Establishing a captive is often not solely tax driven. There are commercial advantages to setting up a captive:

  • Insurance involves the transfer and sharing of risks. Some policyholders will receive back more than they pay in premiums whilst others will receive less. A group with a good claims record may find itself subsidising, via its level of premiums, the risks of others with a poor claims record - possibly even its competitors. A captive deals only with the risks and risk record of its own group. Good group risk management will enable the business either to reduce its premiums to reflect its own claims record, or to retain, through the subsidiary, the underwriting profits on its own insurance business. Additionally, the knowledge that the group is responsible for the risk tends to concentrate the minds of the local risk managers, making them more safety or liability conscious.
  • Some risks are very expensive or even impossible to insure on the open market. Professional indemnity, public liability and environmental damage fall into this category. A captive will insure what it is told to insure.
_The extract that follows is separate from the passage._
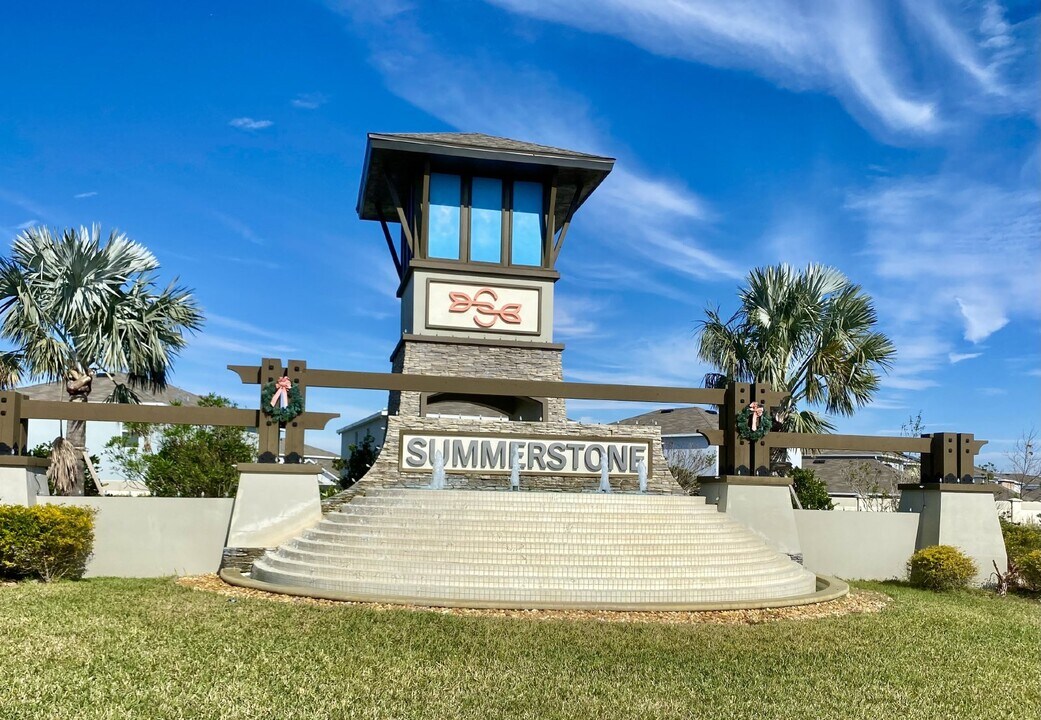 33367 Apricot Tree Ct in Wesley Chapel, FL - Foto de edificio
Captive arrangements can also allow reserves to be built up against the risk of catastrophic events, at an economic price.
  • Some low layers of risk are not worth insuring. The group may feel that it is as well to retain the funds to pay these losses. An offshore location gives an additional tax advantage to the retention of such funds.
  • Some sectors of the insurance market experience substantial fluctuations in capacity. When capacity is limited perhaps due to heavy or persistent underwriting losses in the area concerned, premiums increase. Self-insuring through the use of a captive insurance company is one way for businesses to overcome the vagaries of the open market. Knowing that a company will accept the risk for a certain premium can even out the effect on the group profit and loss account.
  • General insurers do not normally retain all of the risks that they initially write but they reduce their potential liability by getting other insurers to share the risks through reinsurance. Reinsurance companies do not deal direct with the public. This means that they do not incur the retail expenses of a branch network, claims handling etc., and they offer direct insurers substantially lower premiums than they will charge to their customers. Owning a captive insurance company gives businesses access to the reinsurance market, and thus to cheaper premiums, which would otherwise be denied to them.
  • Territories that wish to encourage captive insurance companies may have a more relaxed regulatory regime than the UK. This may mean less capital tied up and fewer or less detailed information/returns required by regulatory authorities. But there is a limit to how far relaxed regulation is an advantage, as it may impact upon the sponsoring group in other ways. Captives themselves are often unrated, but the presence of a captive in a lightly regulated domicile may lead to pressure from Home State regulators or rating agencies to post collateral, affecting the sponsoring group or fronting insurer (see GIM11020 and GIM11030).